▸ **MATERIAL SHOWN**
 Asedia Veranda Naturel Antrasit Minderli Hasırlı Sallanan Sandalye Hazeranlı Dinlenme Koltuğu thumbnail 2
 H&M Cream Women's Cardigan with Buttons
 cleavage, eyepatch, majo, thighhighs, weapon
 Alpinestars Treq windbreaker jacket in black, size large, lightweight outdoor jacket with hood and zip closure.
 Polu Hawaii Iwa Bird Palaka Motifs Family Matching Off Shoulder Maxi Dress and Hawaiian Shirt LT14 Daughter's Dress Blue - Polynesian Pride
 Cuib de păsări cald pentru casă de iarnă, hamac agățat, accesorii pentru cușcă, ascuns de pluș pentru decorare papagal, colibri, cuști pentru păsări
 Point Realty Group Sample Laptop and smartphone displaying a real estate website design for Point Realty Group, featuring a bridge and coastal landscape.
--
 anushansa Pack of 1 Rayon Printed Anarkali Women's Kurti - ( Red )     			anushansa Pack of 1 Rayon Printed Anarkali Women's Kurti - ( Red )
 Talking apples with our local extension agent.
--
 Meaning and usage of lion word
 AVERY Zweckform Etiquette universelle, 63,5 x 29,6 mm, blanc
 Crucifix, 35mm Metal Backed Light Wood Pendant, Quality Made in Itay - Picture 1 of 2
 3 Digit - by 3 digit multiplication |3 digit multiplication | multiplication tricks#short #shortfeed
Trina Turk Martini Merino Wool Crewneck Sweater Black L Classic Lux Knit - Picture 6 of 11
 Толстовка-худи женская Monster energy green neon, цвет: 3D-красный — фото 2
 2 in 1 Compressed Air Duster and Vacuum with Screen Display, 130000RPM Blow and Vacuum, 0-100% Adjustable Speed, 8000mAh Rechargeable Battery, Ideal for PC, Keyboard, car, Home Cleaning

▸ **WORK TO COMPLETE**
Each line in the data that holds the string "Women" must be returned.

▸ **SOLUTION FOR THIS TASK**
 H&M Cream Women's Cardigan with Buttons
 anushansa Pack of 1 Rayon Printed Anarkali Women's Kurti - ( Red )     			anushansa Pack of 1 Rayon Printed Anarkali Women's Kurti - ( Red )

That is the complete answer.